Meditation on the heart-breakingly beautiful

It’s been 36 long years since tiny feet pressed against my back in bed in the middle of the night, to say nothing of little arms wrapped ‘round my neck and kisses planted on my cheek for absolutely no reason whatsoever. There is nothing like a 13-month-old granddaughter to crack open your heart. Watching Isabelle falling in love with the world, I just feel like crying all the time; her innocence is heartbreakingly beautiful.

And then there is the Cinderella-like never-been-kissed 47-year-old, dowdy-looking Scottish Susan Boyle, who turns out to have the voice of an angel. What can I say that would even come close to the beautiful heart-break of seeing the cynical and cool Simon Cowell melt in the presence of such splendid innocence? My eyes fill with tears every time I watch the video.

Add to these the poetic songs of 75 year-old Leonard Cohen, whose recent performance at the Paramount Theatre in Oakland left me wet-cheeked for three hours. I first fell in love with Cohen’s heart-breaking music when just 18, over 40 years ago, and we’ve grown gray together. “I last performed onstage 15 years ago,” he said, “just another 60-year-old with a crazy dream.” I laughed, I cried, I’ve been humming his songs for days. As he left the stage, he lightly skipped into the wings.
All these tears, I wonder; just a matter of getting older? To be sure, I cried often as a child; my older brother was not exactly the Wally Cleaver type – much to the contrary – he was cruel. I desperately wanted him to be my very best friend, to protect me and play with me, but he preferred to be alone. And when he was in my company and out of earshot of my parents, he used the moment to torment me.

In time I stopped crying. Like the Maasai warrior boys of the Ngorogoro crater in Tanzania, Africa, for whom crying is a family disgrace, I stopped the tears, choked them back, and as I grew older I left crying far behind. Habits of sarcasm and deflection replaced it. The sarcasm served to transfer my pain and longing to others using humor, but sarcasm is just masked aggression derived from suffering. As I’ve written before, I am a recovering sarcastic. Deflection was effective, too, so I cultivated glibness and quick wit.

Sarcasm does me no good and it hurts others, thus I try to set it aside. Deflection is mostly about avoiding strong emotions, like sadness or overwhelming empathy. So my current approach is to slow down and create some space, a gap wherein I need not be sarcastic or glib and I can take the time to feel what’s really going on inside. Leonard Cohen says this gap is the “crack in everything … that’s how the light gets in.”

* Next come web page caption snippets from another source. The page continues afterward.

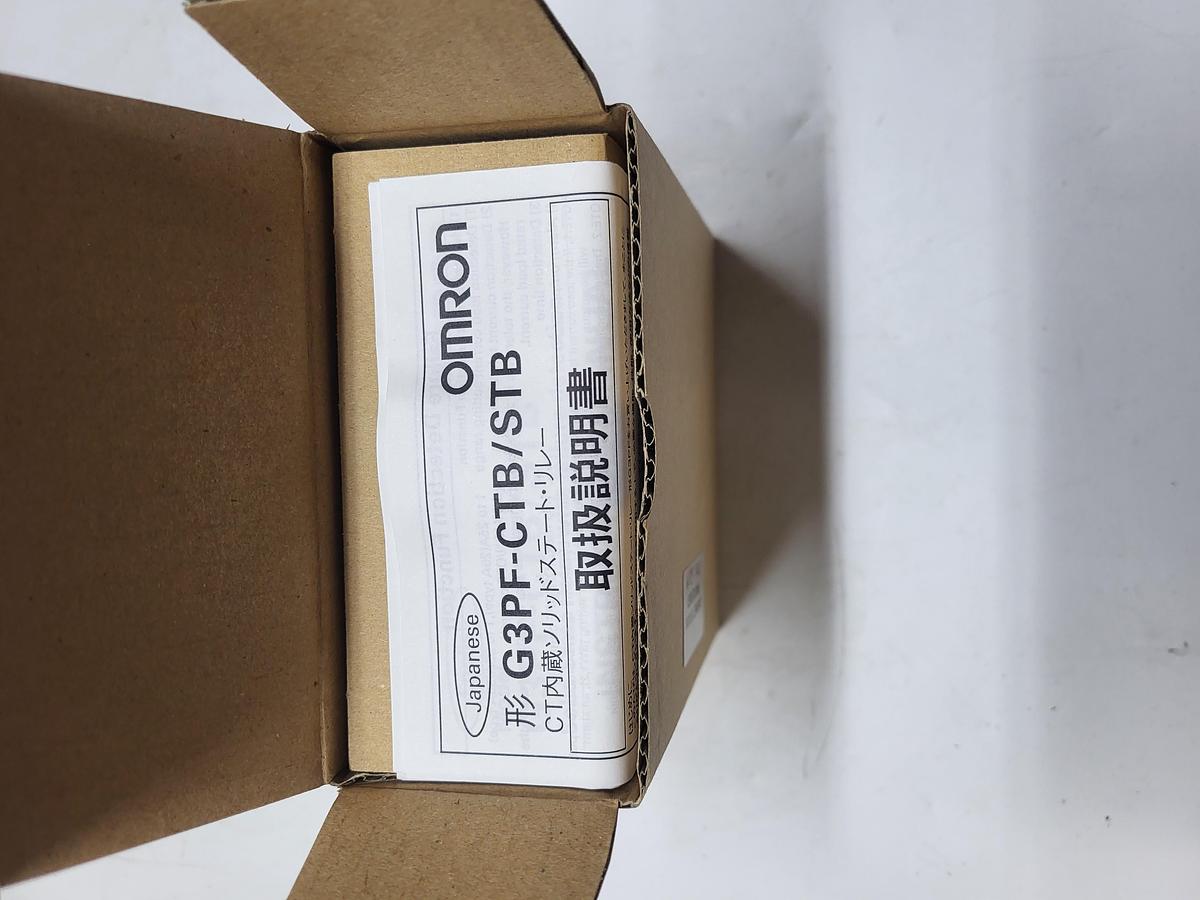 Omron Type G3PF-525B-CTB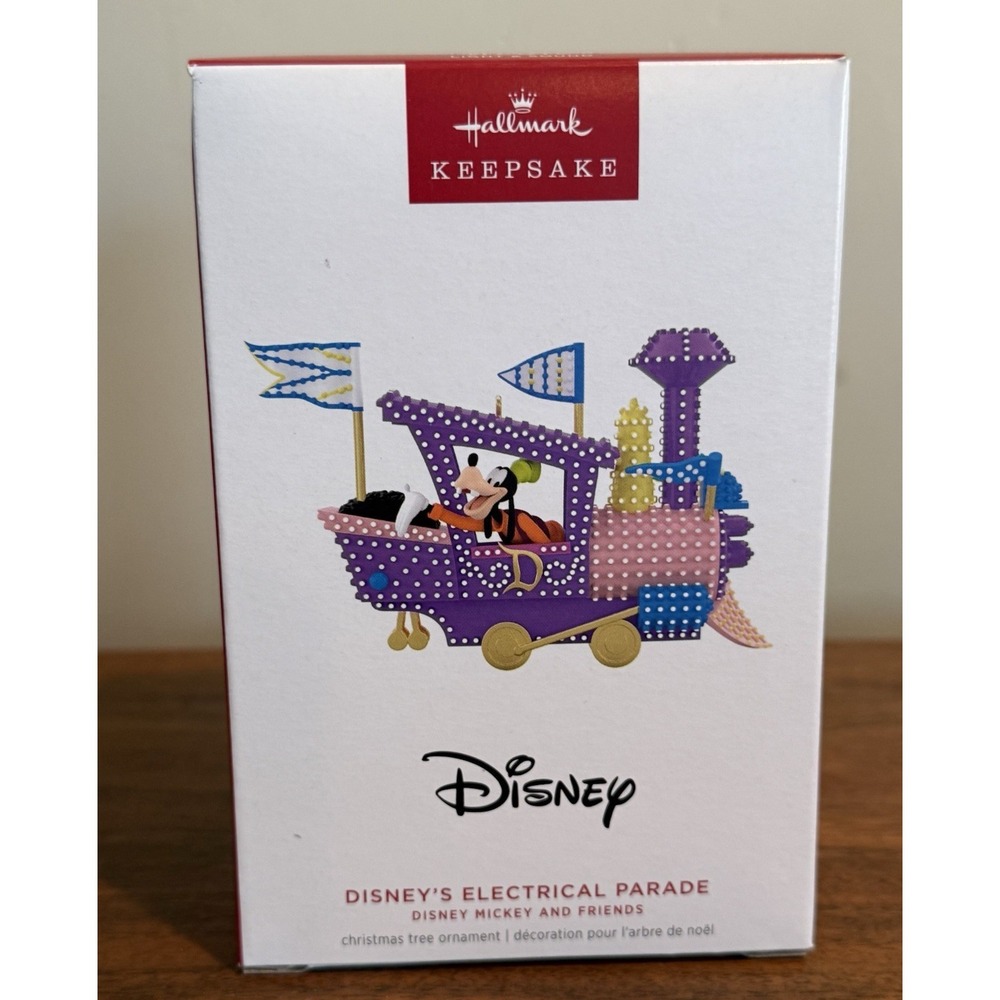 2025 Disney's Electrical Parade Mickey & Friends Ornament, NIB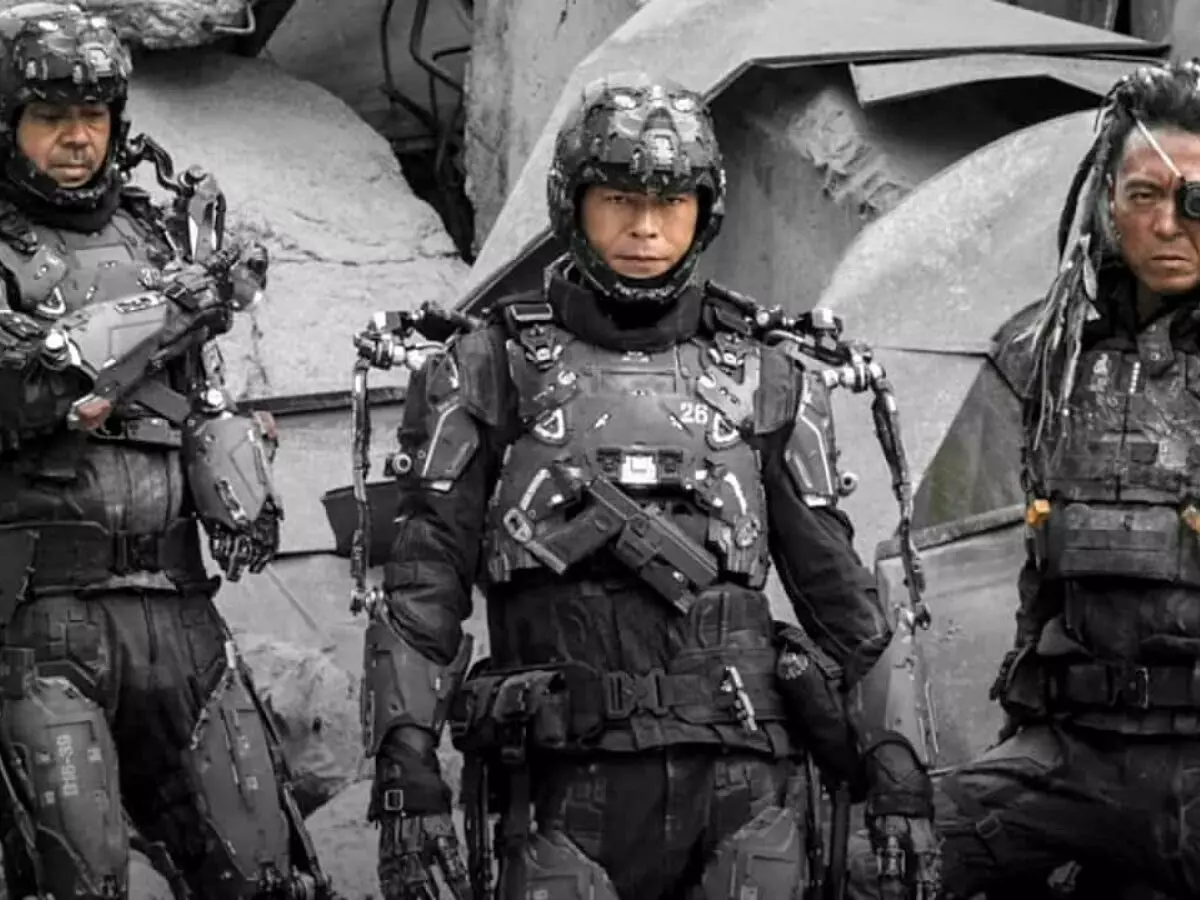 Exército do Amanhã: Ação e ficção científica no filme de 2022 no Netflix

Broken habits, broken hearts – between them I’m easily brought to tears. Perhaps after a while, I will cry less. Or, perhaps I will cry more; I can’t be sure where all this is headed. Nowadays I sense the larger fabric of my life; the rich strands of color and varied textures added by family, friends, and feelings. At times scratchy and irritating, right now life feels soft, warm and sweet. And if adorable Isabelle keeps giving me hugs and kisses, I’m a total goner for sure.